Reset repository history to current release state

c783336 8 days ago

3.58 kB

	---
	license: cc-by-4.0
	language:
	- en
	library_name: gguf
	tags:
	- automatic-speech-recognition
	- medical
	- parakeet
	- gguf
	- parakeet.cpp
	- omi-med-stt
	pipeline_tag: automatic-speech-recognition
	base_model: nvidia/parakeet-tdt-0.6b-v2
	---

	# Omi Med STT v1 GGUF

	GGUF export of [Omi Med STT v1](https://huggingface.co/omi-health/omi-med-stt-v1)
	for Linux and Windows CPU use through the `omi-med-stt` CLI.

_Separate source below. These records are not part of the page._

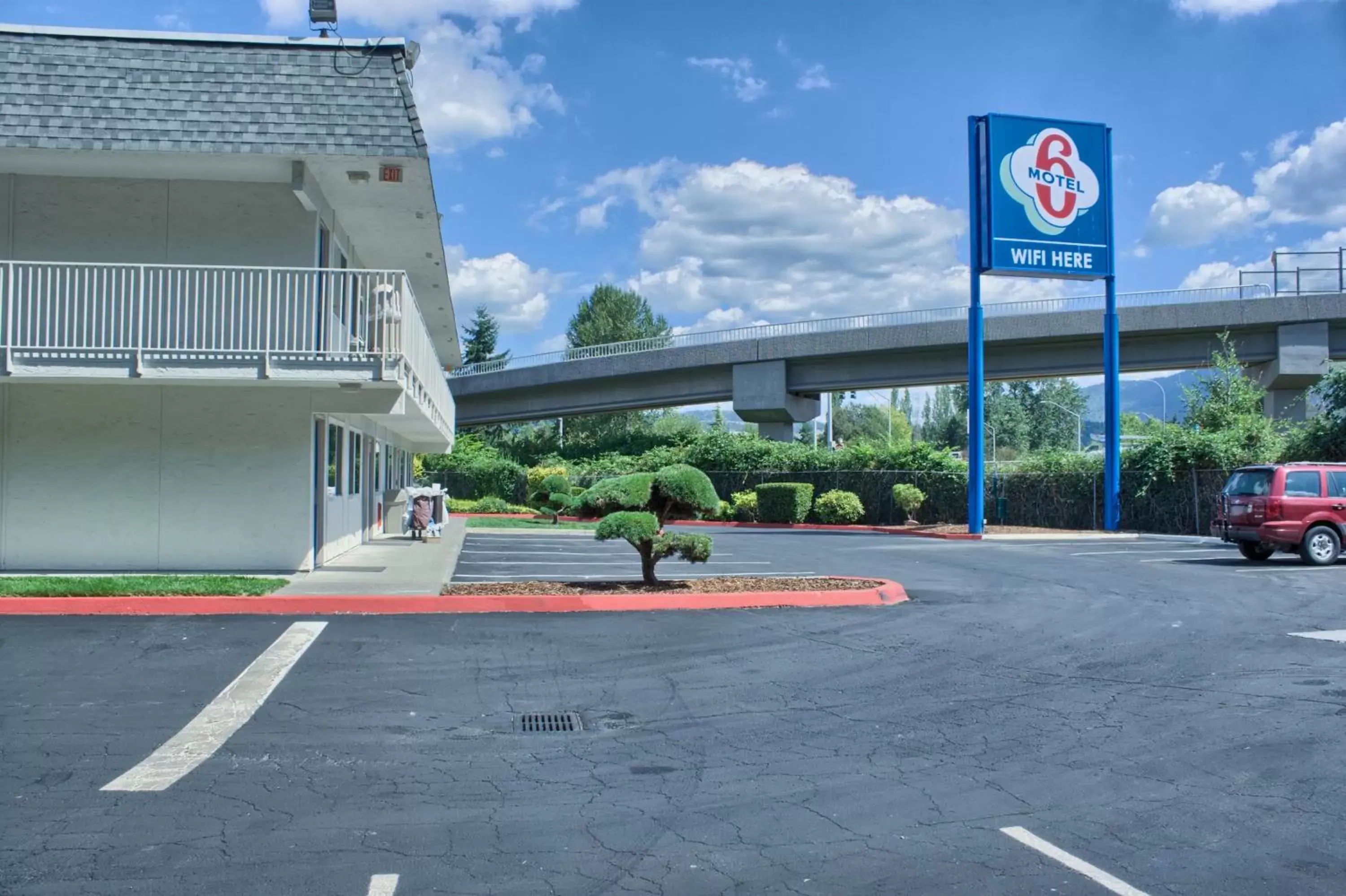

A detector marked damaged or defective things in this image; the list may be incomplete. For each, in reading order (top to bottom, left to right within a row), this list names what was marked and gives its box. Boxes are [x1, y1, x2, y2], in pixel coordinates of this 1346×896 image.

cracked asphalt [2, 530, 1346, 893]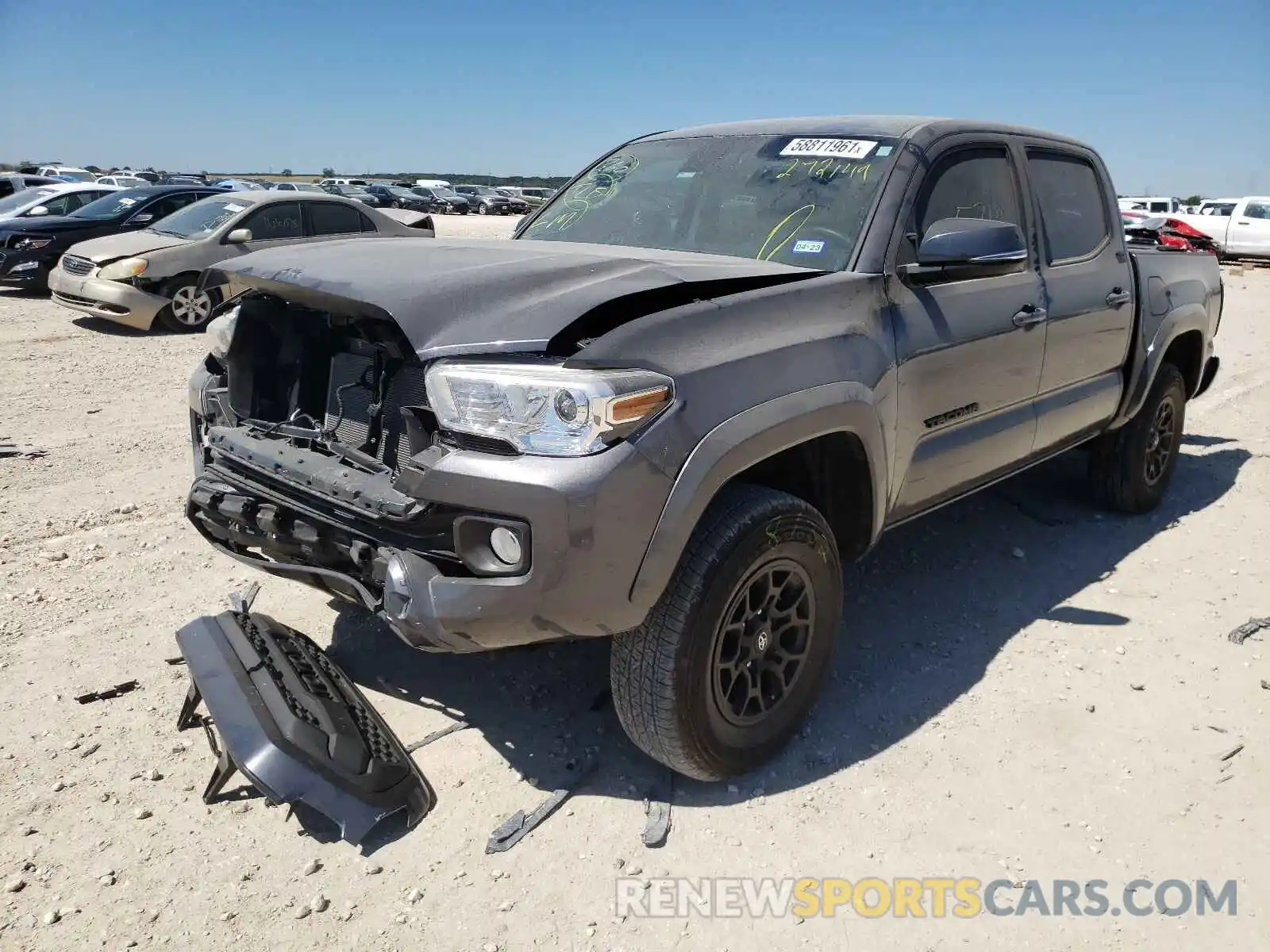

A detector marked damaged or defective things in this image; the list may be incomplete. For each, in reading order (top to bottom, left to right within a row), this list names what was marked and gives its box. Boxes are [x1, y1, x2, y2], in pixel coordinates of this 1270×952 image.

crumpled hood [70, 229, 190, 263]
crumpled hood [208, 237, 818, 358]
broken headlight housing [424, 360, 675, 459]
damaged front bumper [187, 365, 675, 654]
damaged front bumper [176, 606, 437, 847]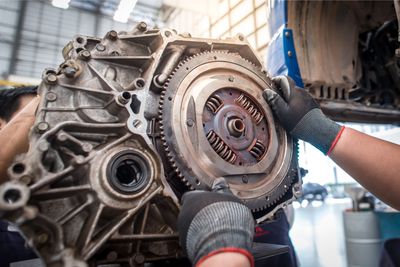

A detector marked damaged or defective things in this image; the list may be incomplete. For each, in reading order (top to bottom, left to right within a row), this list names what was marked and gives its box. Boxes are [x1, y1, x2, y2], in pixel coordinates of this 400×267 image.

rusty metal surface [0, 24, 300, 266]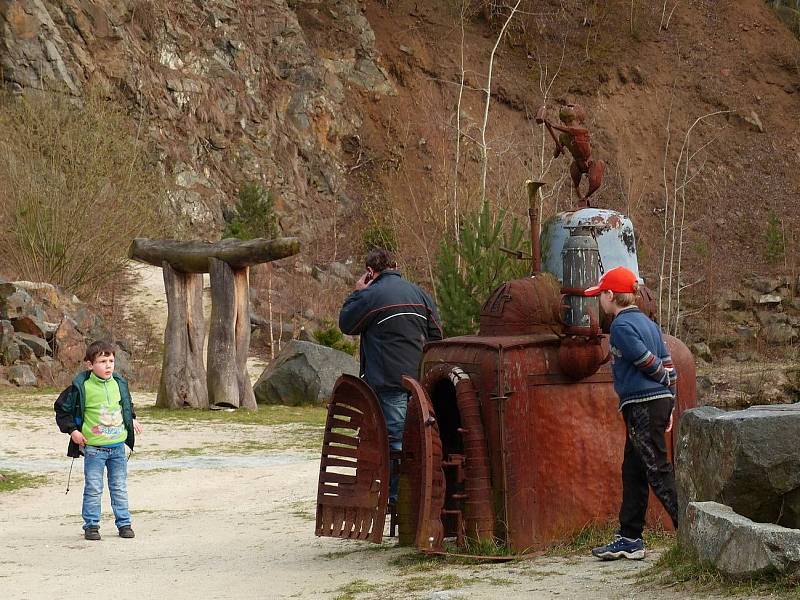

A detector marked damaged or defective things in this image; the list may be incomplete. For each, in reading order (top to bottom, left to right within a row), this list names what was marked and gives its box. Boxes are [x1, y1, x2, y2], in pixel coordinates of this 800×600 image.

rusted metal sculpture [536, 102, 608, 207]
rusted metal sculpture [128, 237, 300, 410]
rusted metal grate [316, 376, 388, 540]
rusty boiler [316, 210, 696, 552]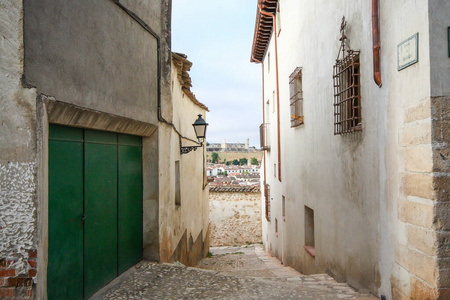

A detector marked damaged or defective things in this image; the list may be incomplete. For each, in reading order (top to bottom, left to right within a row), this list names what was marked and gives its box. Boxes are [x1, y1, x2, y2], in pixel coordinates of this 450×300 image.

rusty metal grate [334, 15, 362, 134]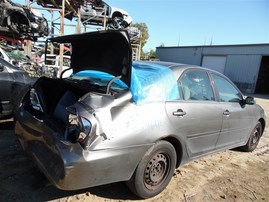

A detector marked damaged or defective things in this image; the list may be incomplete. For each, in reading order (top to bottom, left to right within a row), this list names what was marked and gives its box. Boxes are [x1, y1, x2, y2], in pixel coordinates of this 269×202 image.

stacked wrecked cars [15, 30, 264, 198]
damaged silver sedan [15, 30, 264, 199]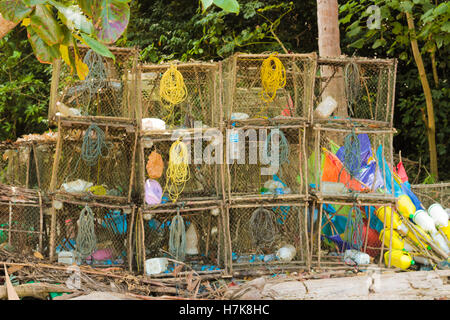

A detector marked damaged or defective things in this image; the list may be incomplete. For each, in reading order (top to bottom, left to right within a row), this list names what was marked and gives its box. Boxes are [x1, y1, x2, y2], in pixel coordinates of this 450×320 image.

rusty wire mesh [49, 47, 139, 122]
rusty wire mesh [140, 62, 219, 127]
rusty wire mesh [221, 53, 316, 123]
rusty wire mesh [312, 57, 398, 125]
rusty wire mesh [0, 201, 47, 256]
rusty wire mesh [51, 201, 132, 266]
rusty wire mesh [50, 125, 135, 200]
rusty wire mesh [139, 133, 220, 206]
rusty wire mesh [139, 208, 225, 276]
rusty wire mesh [227, 126, 308, 199]
rusty wire mesh [229, 204, 310, 268]
rusty wire mesh [308, 125, 396, 199]
rusty wire mesh [412, 184, 450, 209]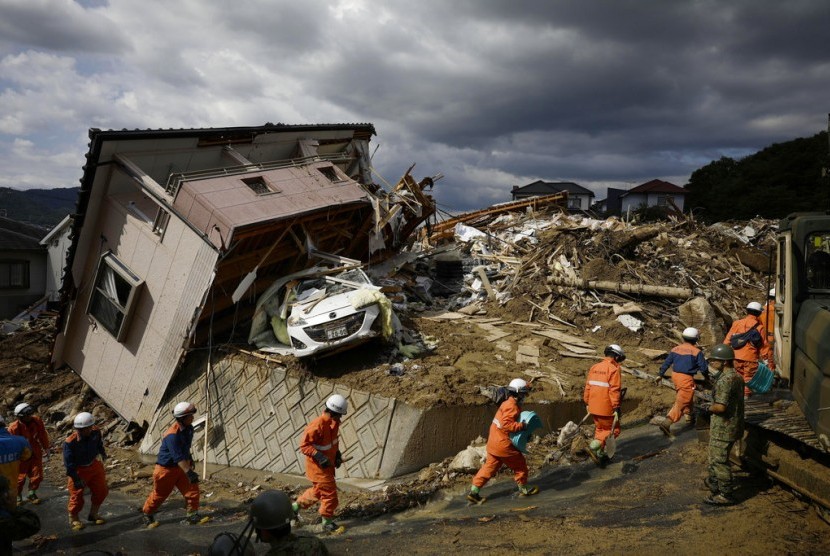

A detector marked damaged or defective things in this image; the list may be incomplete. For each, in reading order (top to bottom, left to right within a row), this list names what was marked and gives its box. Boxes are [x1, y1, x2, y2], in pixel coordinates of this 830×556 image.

broken window frame [0, 260, 29, 288]
broken window frame [87, 251, 144, 338]
crushed white car [249, 256, 392, 356]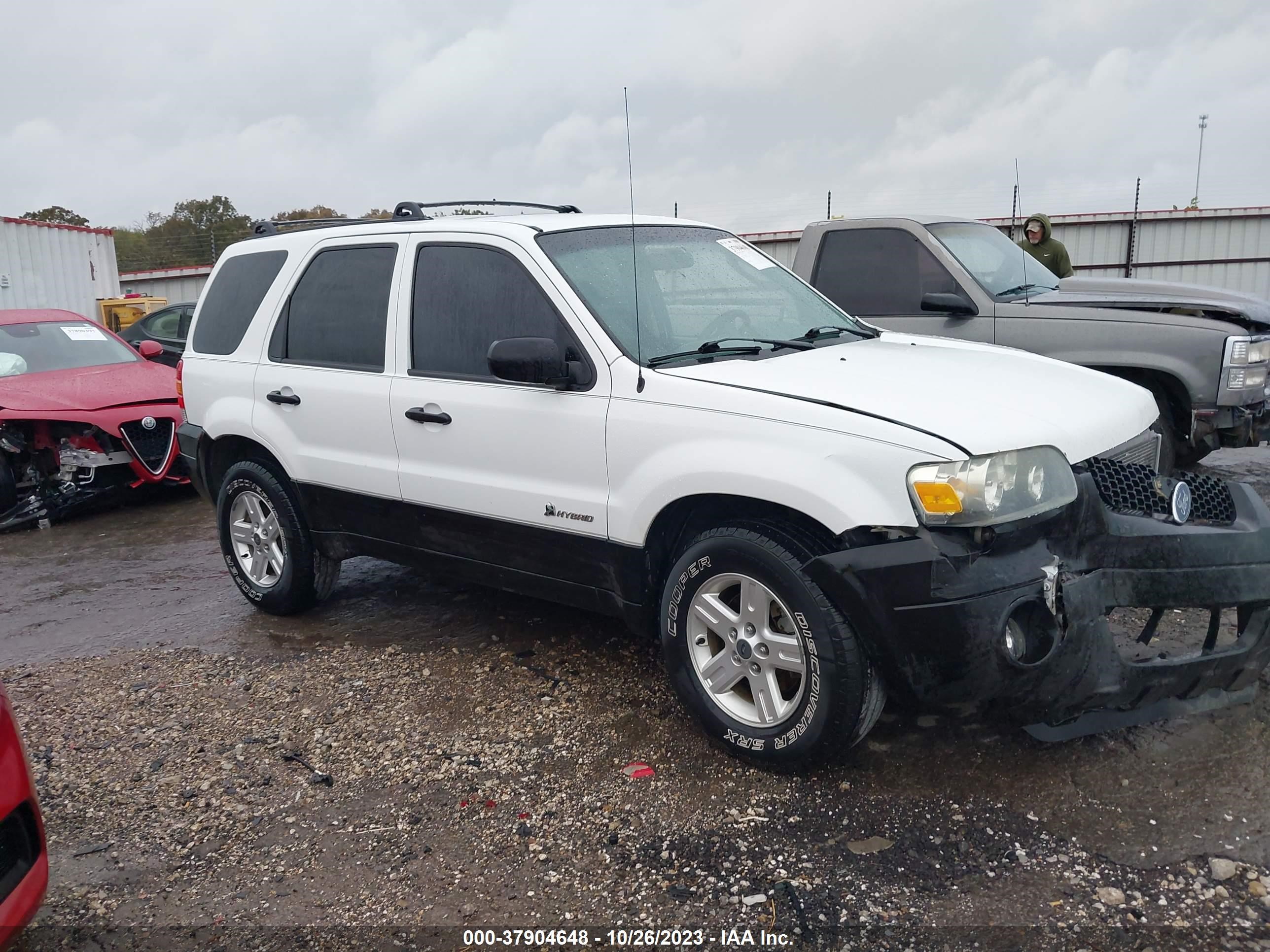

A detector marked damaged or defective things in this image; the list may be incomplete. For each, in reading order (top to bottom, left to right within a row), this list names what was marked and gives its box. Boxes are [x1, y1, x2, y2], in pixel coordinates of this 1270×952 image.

damaged front end [0, 416, 185, 533]
red damaged car [0, 309, 186, 533]
damaged front end [808, 459, 1270, 741]
damaged front bumper [808, 467, 1270, 736]
red damaged car [0, 680, 46, 949]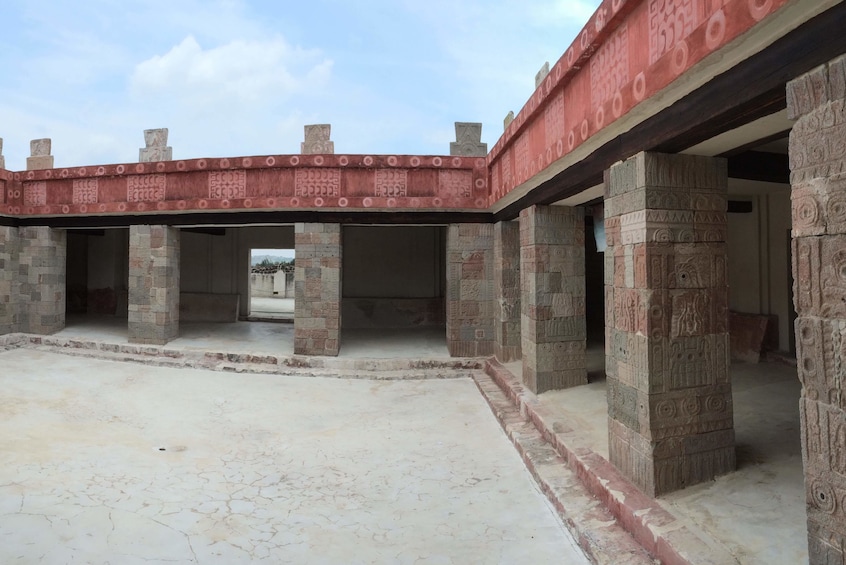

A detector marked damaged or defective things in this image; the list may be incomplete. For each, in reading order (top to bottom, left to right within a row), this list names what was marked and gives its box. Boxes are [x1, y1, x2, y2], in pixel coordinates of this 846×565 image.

cracked plaster floor [0, 348, 588, 564]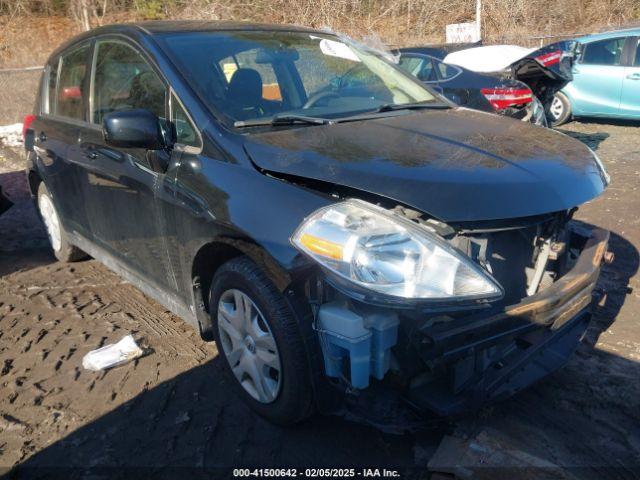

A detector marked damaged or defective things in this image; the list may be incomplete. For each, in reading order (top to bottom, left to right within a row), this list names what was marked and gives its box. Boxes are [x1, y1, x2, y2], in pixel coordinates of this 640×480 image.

black damaged hatchback [25, 20, 612, 426]
exposed headlight assembly [292, 201, 504, 302]
damaged front end [298, 202, 612, 416]
crumpled front bumper [408, 227, 608, 414]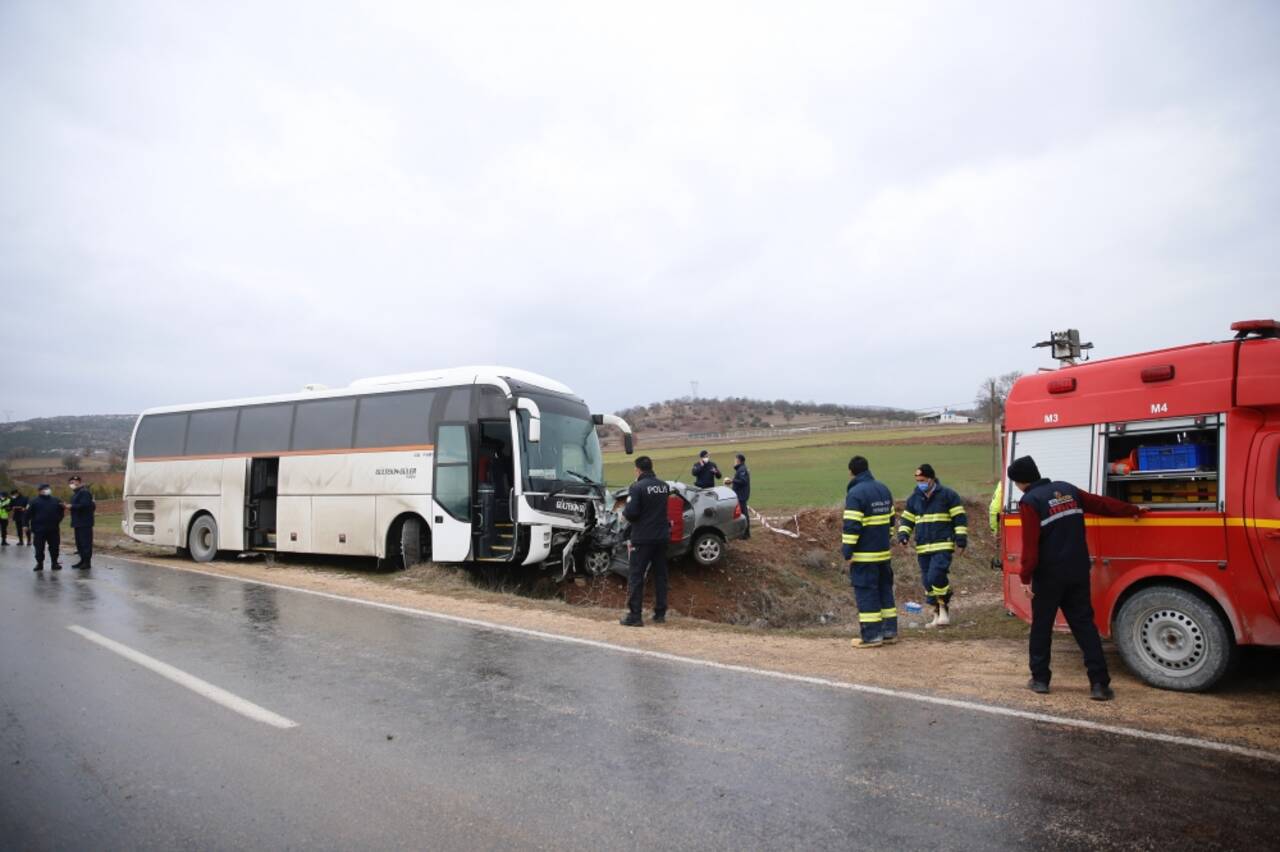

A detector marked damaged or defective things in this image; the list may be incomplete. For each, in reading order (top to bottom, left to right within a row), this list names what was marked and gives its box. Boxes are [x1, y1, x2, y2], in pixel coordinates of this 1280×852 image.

crashed car [588, 480, 756, 572]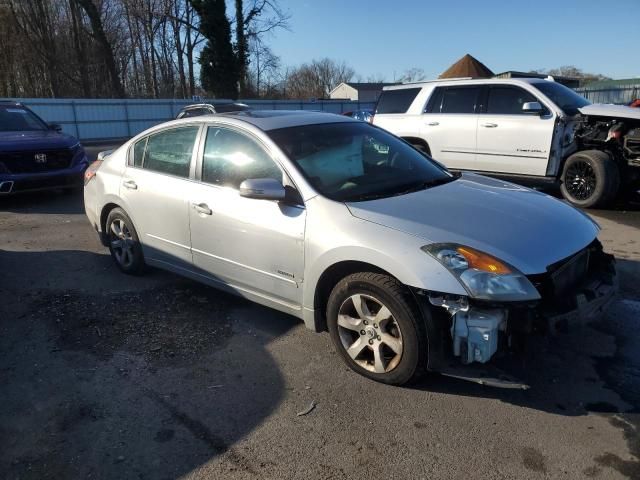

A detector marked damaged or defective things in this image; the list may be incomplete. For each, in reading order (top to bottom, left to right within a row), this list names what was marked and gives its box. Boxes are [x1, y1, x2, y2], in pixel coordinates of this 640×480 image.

damaged front end of car [412, 238, 616, 388]
front bumper damage [412, 242, 616, 388]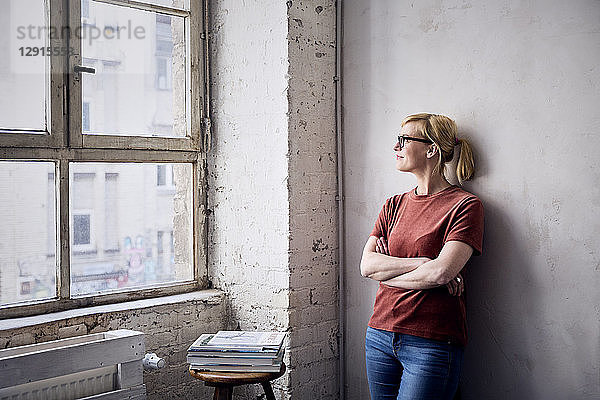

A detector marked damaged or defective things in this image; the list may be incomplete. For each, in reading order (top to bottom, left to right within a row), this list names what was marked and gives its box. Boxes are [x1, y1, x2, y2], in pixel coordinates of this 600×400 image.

	This is the portability path. If you have Apple Silicon, use the MLX q8 repo. If
	you have an NVIDIA GPU, use the canonical NeMo checkpoint.

	## Quickstart

	```bash
	pip install -U omi-med-stt
	omi-med-stt install-cpp --cpp-backend cpu
	omi-med-stt audio.wav --runtime cpp
	```

	## Files

	\| File \| Status \|
	\|---\|---\|
	\| `omi-med-stt-v1-q8_0.gguf` \| Default CPU artifact, benchmarked \|
	\| `omi-med-stt-v1-f16.gguf` \| Provided for conversion/experimentation; not independently benchmarked \|

	## Evaluation

	Full evaluation details: [omi.health/research/omi-med-stt](https://omi.health/research/omi-med-stt/).
	Benchmark: 7.18h of real and synthetic clinical speech across dialogue, dictation, medication review, procedures/devices/tests, and general speech. Speed is shown as time to process one hour of audio; lower is faster.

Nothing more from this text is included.